Data under study:
┌────────

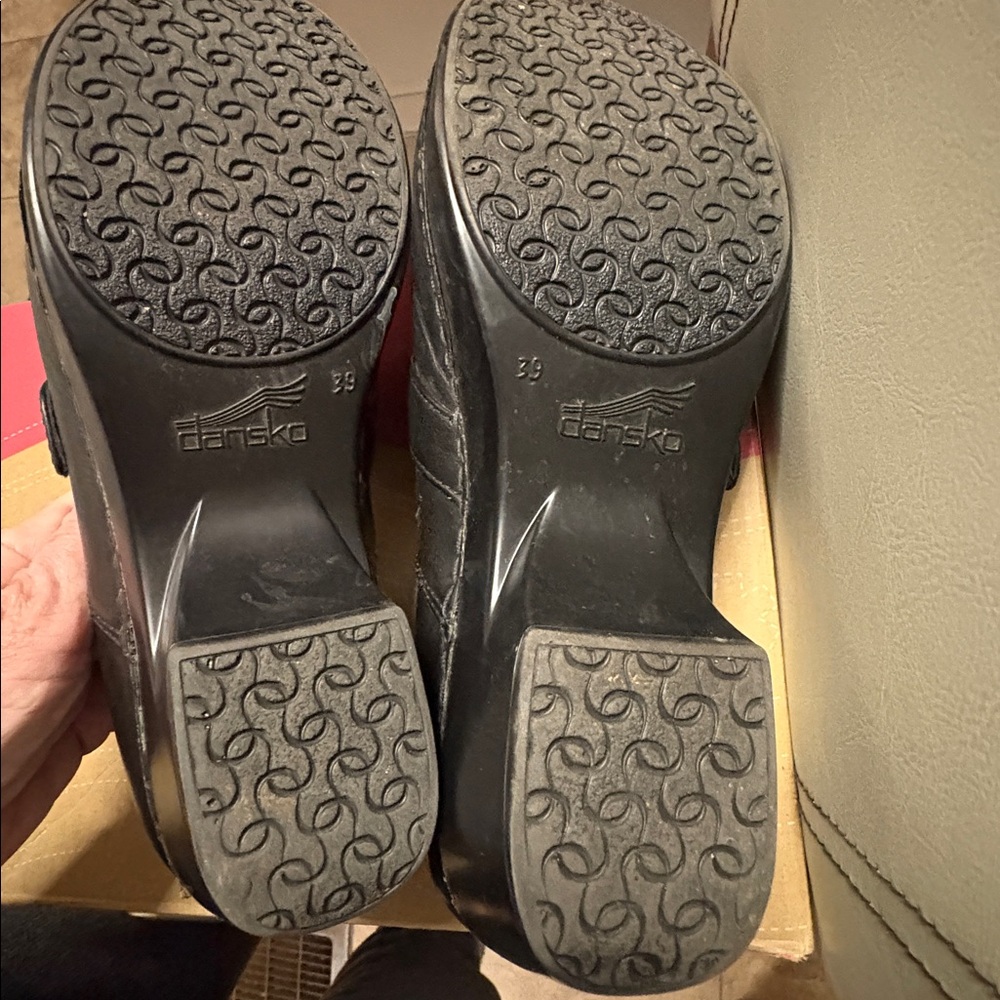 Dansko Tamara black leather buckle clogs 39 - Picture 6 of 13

└────────
┌────────

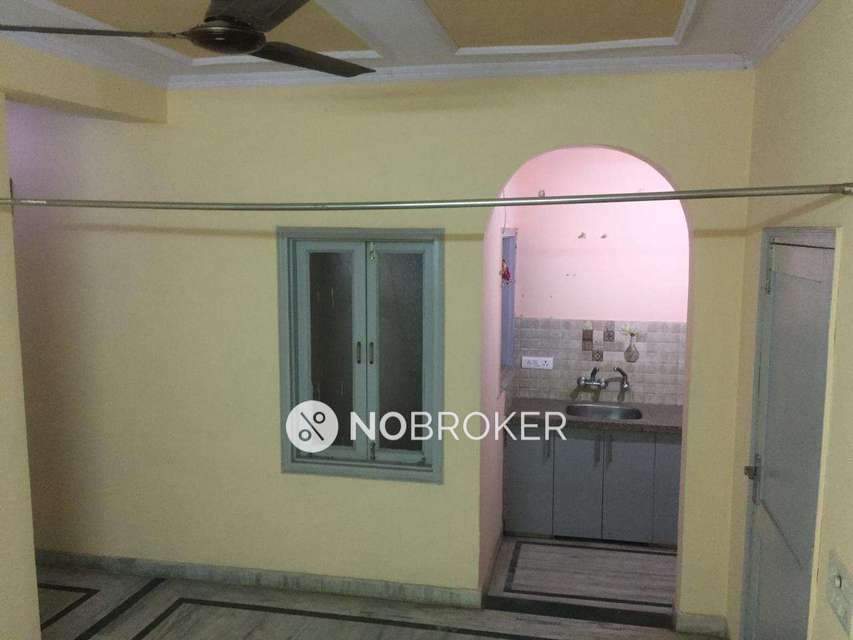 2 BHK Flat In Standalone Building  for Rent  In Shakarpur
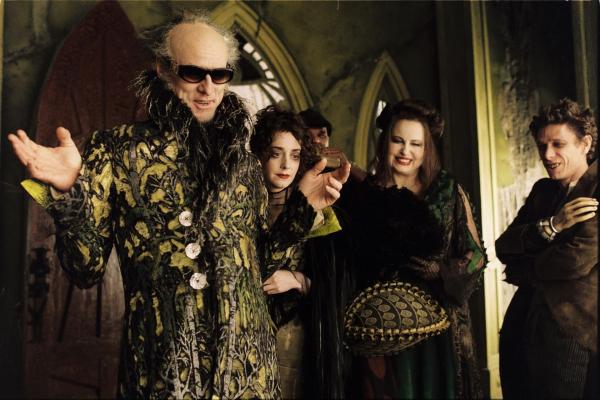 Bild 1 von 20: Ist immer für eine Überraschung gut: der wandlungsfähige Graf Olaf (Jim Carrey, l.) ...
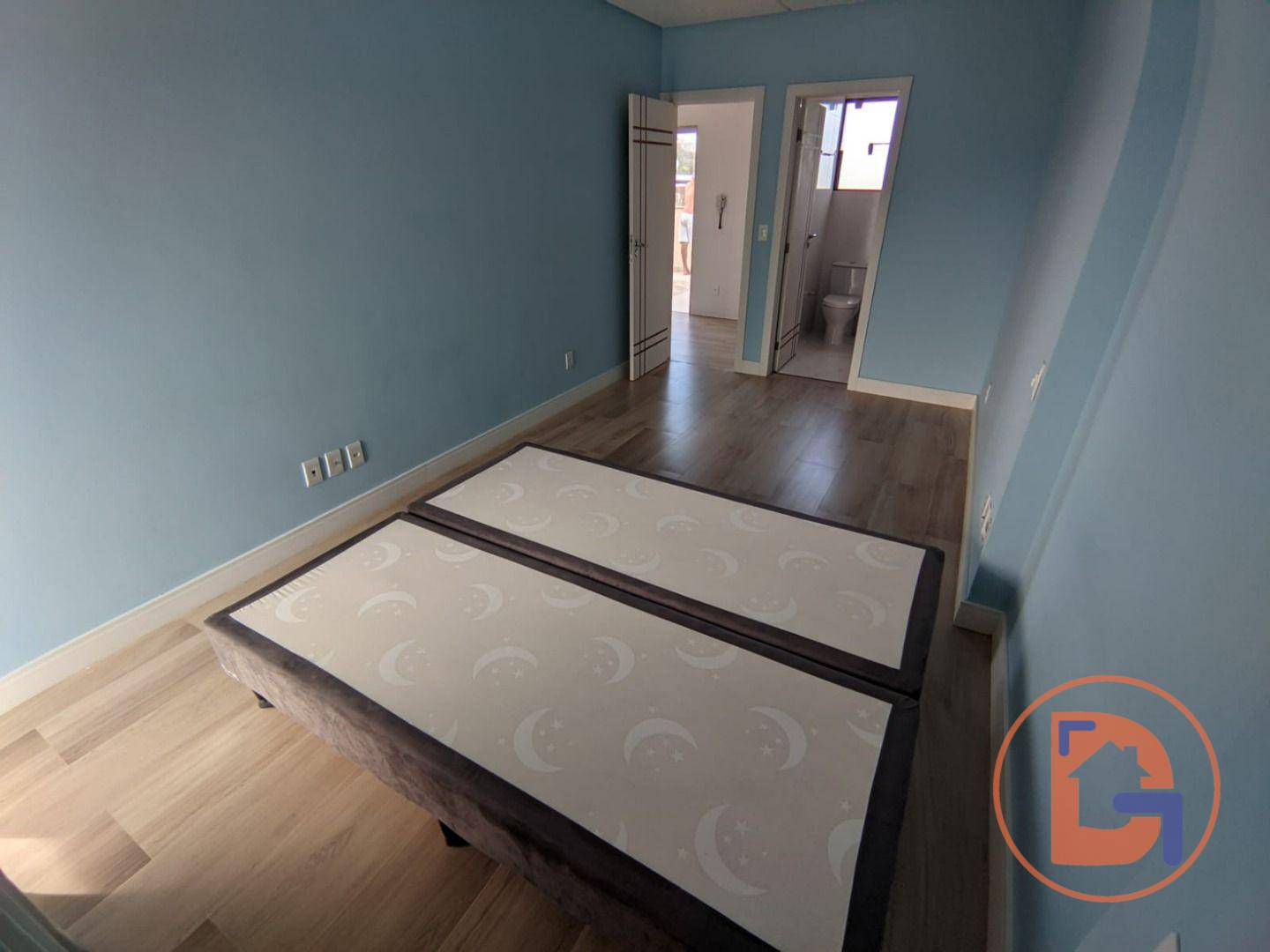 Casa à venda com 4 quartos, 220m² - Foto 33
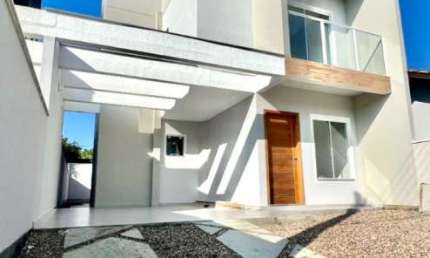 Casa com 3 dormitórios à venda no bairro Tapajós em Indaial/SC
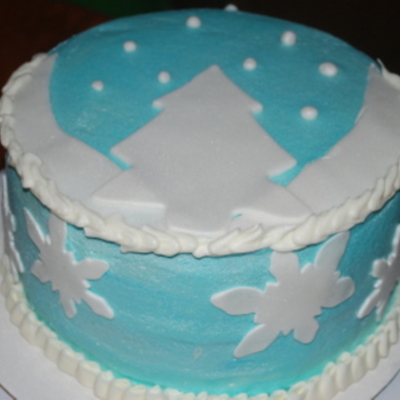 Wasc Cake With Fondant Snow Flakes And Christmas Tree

└────────
┌────────

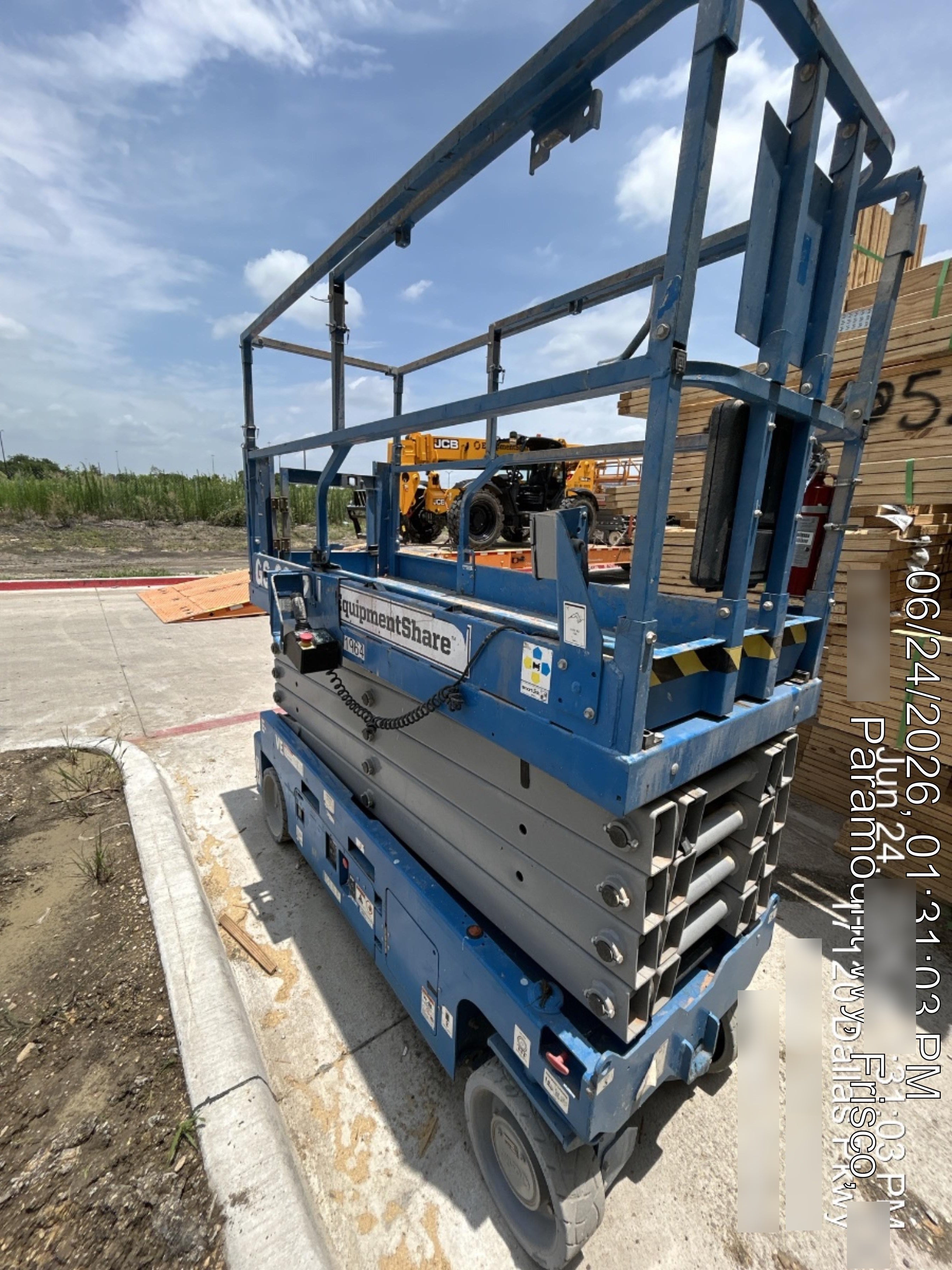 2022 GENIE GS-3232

└────────

Prompt:
In the listing above, find the line containing "Casa com 3 dormitórios" and the line containing "Wasc Cake With", then write out both of them and every line between, exactly, with no pictures.

Exercise result:
 Casa com 3 dormitórios à venda no bairro Tapajós em Indaial/SC
 Wasc Cake With Fondant Snow Flakes And Christmas Tree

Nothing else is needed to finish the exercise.